18.Instinct(1988 US#110 UK#61)

実を言うと、これが僕がイギーで最初に聞いたアルバムです。この当時、「イギーがロッカーとして復活」みたいな宣伝のされ方もされてましたね。僕は、その当時多くいたメタル好きの友人から勧められて聞いてみたんですけど、「えっ、この人って、そんな人だったんだっけ?」と、ニュー・ウェイヴのイメージしか漠然と持っていなかったこともあって素直に「カッコいい!」と思いましたね。イメージとしては、ガンズ&ローゼズとかザ・カルトみたいというか。「飾り気のないストレートなハードロック」という感じですね。昔はこれ、お気に入りだったんですけど、この企画やるに際して聞きなおすと、ちょっと・・でした(苦笑)。う〜ん、いくらロックンロールでも、ここで聞かれる、「いかにも80s末のメタルブームの時みたいな、コンプレッサーで膨らませた分厚いギター」ってイギーには似合わないというか。やっぱり、イギーがロックするなら、ギターはビリビリしてないとダメです。後年振り返られる機会が少ないのは、こうした理由からだと思われます。

17.Apres(2012)

2000年代末に、突如としておフレンチ路線に走ったイギーの、その系では第2弾のアルバムです。その前のやつより、よりシャンソン色が強くなって、ナチュラル・エコーのかかったイギーの深い低音の揺れが、古き良きジャン・ギャバンが出てた時のようなフランス映画みたいでなかなかカッコいいです。収録時28分と短いので、なんかEPみたいな雰囲気もあるのでこの順位にしましたが、かなり好きなアルバムでもあります。

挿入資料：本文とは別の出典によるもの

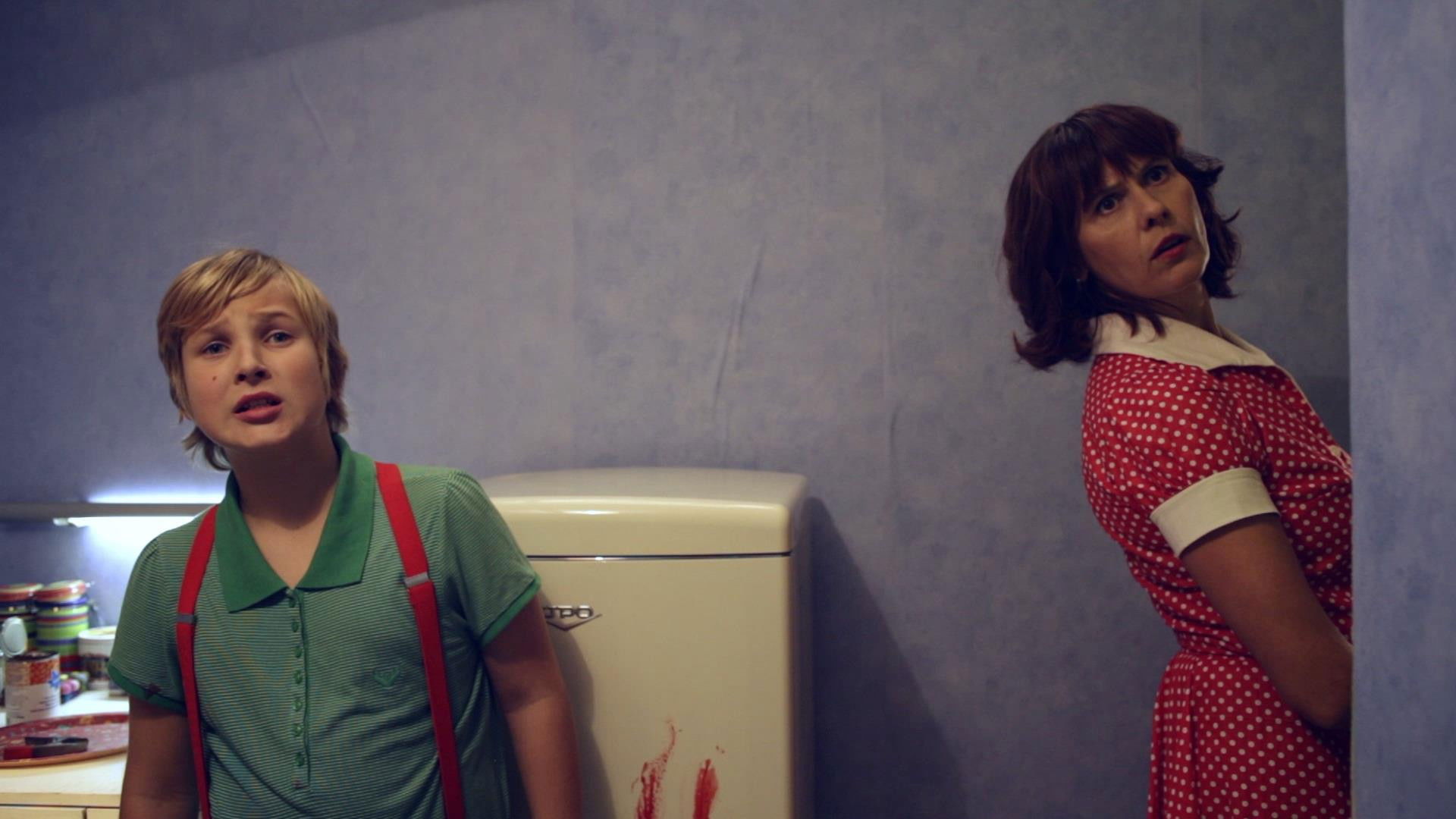 Backdrop for Curiosity Kills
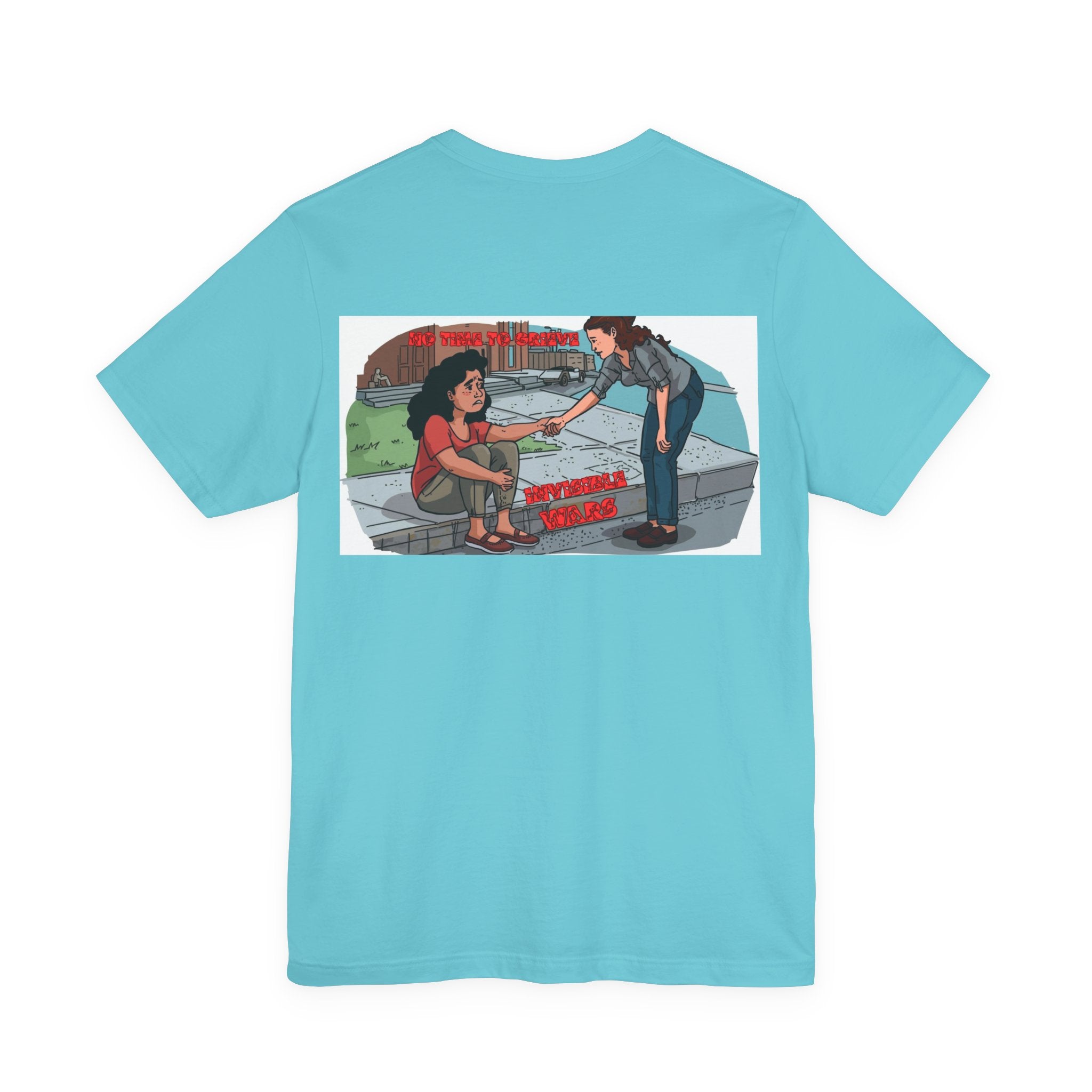 Women T-shirt - No Time TO Grieve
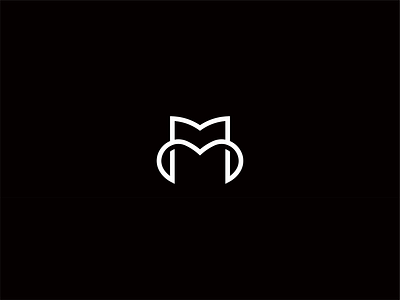 MM MonogramTattoo Mark black and white custom logo design flat icon identity logo minimal mm monogram monogram logo symbol tattoo tattoo art tattoo design type typography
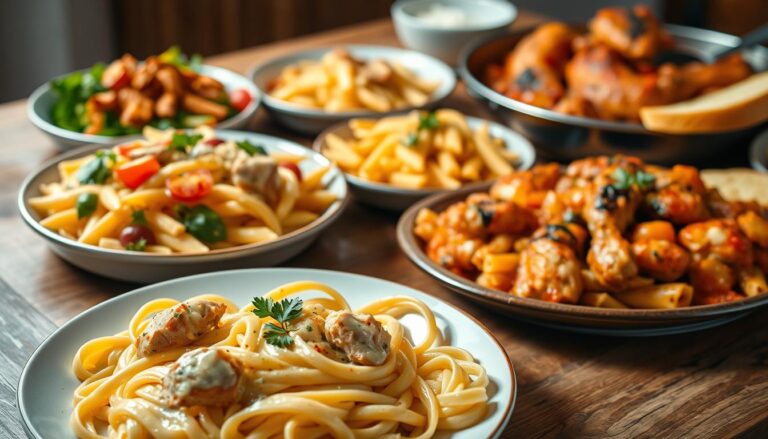 chicken pasta meals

16.Kill City/With James Williamson(1977)

これはイギーが、ボウイの手によってソロ。キャリアを積み上げ初めた時期の、ストゥージズの未発表曲集ですね。ジェイムス・ウイリアムソンというのは、グラムロック期の、ストゥージズ第2期のギタリストです。録音は1975年頃。曲のクオリティとしては、黄金期のストゥージズに劣らぬできでいいとは思います。ただ、聞いててどこかに「レア曲集」の意識が消えませんが。個人的には、この時期の音源より、イギーのライブ・レパートリーになりながらアルバムとして発表されることのなかった「I Got A Right」「I'm Sick Of You」あたりの、1971年くらいの編集盤が出て欲しいんですけどね。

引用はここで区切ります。